Russia sows the seeds for overseas property boom
The Russian government is to undertake a series of measures aimed at promoting home ownership.
Although the policies aim to encourage property purchasing within Russia; if the British experience is anything to go by, a likely side effect will be a rise in the number of Russians buying overseas.
Russian President Dmitry Medvedev is aiming to help the 77 percent of the country’s 142 million people who are “cooped up” in apartment blocks by building single family homes around the outskirts of major cities, according to Business Week.
A huge increase in construction over the next few years will be accompanied by television and billboard advertising selling what Alexander A. Braverman, director of the Federal Fund for the Promotion of Housing Construction Development, calls the “Russian dream” of home ownership.
The government has been buying up huge tracts of land to help realise the vision. Around 14 million square meters of housing are expected be under construction by next year on land owned by the federal fund, rising to 20 million square meters in 2012, or about 30 percent of all residential construction in Russia.
Social and cultural change
Braverman believes the push towards home ownership will have social and cultural implications:
"We think that people who have their own homes, driveways, and careers are fundamentally different than those who don't have these things…The person who has something to defend is a different kind of person."
The seeds of the next overseas property boom?
One of the reasons the British led demand for overseas property in the late nineties and early noughties is culture. Margaret Thatcher’s policies in the eighties helped make home ownership a central aspiration in a way that it never has been in our richer neighbours, France and Germany.
Owning one home became the default, owning a second a status symbol, to which most aspired.
So will Medvedev's vision of transforming Russians from apartment-dwellers into homeowners have a similar effect?

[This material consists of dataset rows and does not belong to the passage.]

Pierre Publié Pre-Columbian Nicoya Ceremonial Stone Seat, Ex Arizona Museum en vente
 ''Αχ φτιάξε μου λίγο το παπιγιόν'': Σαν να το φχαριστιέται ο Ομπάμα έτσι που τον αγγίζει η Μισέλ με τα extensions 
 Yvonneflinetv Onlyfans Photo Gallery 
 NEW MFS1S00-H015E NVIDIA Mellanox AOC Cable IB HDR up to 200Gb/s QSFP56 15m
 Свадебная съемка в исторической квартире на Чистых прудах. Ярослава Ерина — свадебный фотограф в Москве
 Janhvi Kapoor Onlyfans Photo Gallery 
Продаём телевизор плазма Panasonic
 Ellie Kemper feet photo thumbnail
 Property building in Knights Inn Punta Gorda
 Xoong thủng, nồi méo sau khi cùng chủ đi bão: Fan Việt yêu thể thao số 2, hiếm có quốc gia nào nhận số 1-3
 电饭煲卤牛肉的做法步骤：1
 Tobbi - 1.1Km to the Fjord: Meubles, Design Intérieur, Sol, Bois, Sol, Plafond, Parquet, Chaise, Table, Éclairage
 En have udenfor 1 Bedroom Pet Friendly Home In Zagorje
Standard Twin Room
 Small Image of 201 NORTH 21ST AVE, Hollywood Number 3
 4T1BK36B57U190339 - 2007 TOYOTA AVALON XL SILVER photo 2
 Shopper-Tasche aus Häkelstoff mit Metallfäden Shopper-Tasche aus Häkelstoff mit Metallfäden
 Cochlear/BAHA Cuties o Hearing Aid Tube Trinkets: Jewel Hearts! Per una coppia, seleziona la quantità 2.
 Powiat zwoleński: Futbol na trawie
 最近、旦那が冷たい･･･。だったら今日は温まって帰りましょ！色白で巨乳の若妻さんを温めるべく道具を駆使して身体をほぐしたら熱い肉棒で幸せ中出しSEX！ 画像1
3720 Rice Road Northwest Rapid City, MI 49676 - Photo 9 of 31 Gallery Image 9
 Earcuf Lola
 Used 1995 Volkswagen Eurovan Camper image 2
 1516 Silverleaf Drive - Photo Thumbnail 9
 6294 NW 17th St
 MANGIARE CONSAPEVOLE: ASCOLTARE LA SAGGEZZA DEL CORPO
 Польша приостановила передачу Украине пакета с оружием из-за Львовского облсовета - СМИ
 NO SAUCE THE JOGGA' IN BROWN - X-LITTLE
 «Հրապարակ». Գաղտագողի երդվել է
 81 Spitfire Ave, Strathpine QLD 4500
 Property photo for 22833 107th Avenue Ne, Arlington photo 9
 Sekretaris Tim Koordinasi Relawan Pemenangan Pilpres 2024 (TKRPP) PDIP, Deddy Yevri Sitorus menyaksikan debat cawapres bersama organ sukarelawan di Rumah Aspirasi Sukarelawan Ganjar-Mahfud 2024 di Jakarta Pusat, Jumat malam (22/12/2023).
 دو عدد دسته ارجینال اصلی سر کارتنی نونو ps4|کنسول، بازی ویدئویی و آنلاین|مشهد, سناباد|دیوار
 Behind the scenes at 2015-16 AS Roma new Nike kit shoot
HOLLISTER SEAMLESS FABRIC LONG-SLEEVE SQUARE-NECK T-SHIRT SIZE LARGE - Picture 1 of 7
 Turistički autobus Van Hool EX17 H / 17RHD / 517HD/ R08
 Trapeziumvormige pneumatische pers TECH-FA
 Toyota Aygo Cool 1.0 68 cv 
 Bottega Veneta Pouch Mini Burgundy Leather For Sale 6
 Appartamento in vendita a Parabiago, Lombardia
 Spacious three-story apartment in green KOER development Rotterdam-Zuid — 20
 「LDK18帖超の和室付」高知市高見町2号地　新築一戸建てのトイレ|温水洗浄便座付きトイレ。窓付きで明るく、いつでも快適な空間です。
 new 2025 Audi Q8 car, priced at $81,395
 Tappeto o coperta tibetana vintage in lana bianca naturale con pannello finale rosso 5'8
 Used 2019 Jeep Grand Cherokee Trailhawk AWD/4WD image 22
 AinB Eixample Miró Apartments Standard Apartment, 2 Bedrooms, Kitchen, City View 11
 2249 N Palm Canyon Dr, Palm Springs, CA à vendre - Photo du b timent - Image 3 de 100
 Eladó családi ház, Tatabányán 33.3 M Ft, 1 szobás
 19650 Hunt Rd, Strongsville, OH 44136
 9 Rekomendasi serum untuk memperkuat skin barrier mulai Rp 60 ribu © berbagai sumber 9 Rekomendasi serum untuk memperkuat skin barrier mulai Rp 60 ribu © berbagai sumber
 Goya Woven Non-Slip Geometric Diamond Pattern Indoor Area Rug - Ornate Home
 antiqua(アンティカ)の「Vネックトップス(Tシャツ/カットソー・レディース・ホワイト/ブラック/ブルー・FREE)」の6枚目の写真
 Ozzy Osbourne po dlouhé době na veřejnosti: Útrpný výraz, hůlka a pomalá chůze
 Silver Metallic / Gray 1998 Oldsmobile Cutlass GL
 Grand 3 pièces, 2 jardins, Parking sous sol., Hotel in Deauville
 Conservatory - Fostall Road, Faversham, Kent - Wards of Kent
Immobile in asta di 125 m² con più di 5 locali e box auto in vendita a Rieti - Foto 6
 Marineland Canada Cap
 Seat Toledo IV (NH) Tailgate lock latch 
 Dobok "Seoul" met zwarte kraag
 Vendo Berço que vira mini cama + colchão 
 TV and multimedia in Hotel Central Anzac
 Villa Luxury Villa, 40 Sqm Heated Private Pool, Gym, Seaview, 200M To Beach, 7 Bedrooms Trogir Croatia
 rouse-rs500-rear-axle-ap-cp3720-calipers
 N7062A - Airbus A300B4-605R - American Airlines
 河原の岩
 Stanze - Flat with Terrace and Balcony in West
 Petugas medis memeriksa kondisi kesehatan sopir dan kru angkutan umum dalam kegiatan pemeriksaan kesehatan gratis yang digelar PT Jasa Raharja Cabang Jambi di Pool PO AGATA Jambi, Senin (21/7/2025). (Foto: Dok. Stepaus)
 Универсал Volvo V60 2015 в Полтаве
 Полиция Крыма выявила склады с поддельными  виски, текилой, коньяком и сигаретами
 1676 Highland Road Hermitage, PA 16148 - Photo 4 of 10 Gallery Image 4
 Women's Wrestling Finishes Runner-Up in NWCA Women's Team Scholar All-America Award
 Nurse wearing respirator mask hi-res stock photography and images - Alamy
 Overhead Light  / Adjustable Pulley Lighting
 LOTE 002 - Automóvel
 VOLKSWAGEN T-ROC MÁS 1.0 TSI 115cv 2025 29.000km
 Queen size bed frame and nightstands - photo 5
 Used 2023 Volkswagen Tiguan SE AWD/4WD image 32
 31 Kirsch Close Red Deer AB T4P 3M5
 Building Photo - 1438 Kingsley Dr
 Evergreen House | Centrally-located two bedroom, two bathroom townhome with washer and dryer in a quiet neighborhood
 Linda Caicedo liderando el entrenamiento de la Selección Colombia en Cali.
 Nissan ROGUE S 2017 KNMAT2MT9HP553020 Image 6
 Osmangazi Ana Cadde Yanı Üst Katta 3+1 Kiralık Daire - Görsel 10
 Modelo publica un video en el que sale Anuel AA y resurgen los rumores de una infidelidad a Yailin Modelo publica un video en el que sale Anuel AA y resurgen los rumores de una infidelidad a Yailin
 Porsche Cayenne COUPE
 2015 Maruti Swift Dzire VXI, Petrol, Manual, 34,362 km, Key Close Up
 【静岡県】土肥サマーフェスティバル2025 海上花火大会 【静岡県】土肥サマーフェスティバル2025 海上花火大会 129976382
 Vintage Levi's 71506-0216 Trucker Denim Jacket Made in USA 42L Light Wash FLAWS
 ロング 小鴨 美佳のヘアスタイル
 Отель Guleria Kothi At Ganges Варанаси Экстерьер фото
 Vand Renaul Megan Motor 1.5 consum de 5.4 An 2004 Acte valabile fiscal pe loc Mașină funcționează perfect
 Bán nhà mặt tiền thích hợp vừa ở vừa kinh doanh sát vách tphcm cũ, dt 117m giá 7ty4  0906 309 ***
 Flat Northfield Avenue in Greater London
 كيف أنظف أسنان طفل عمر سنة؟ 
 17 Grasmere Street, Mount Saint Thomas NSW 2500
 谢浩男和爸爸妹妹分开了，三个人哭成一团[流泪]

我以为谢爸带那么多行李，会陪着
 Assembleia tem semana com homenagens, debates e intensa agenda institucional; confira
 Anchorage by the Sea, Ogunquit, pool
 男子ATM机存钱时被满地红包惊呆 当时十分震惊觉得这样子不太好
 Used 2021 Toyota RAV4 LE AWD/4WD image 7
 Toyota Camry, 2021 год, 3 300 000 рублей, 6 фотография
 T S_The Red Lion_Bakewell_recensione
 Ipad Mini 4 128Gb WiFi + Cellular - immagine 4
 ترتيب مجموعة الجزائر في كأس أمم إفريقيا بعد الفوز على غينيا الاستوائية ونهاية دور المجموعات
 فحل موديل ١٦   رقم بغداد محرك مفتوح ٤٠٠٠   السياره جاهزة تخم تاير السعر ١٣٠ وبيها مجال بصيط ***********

It all depends on whether the policy succeeds. For it to do so requires the liberalization of the fledgling mortgage market. There are just $32.5 billion of outstanding residential real estate loans in Russia and interest rates currently average 13.8%.
Medvedev's plan includes $8 billion of funding to be channeled through the federal mortgage agency, which offers subsidized loans at 11 percent. However, this on its own is unlikely to be enough.
A Russian property agent told me last week that the culture of not taking mortgage finance is beginning to change. However, it is a slow process and it is unlikely to be catalysed by offering interest rates as high as 11%.
Building and advertising cheap family homes is a start but it won’t be enough if people cannot afford them.
Russian’s are already significant buyers of property overseas but the volumes we see now could pale in comparison with future demand if home ownership culture becomes widespread.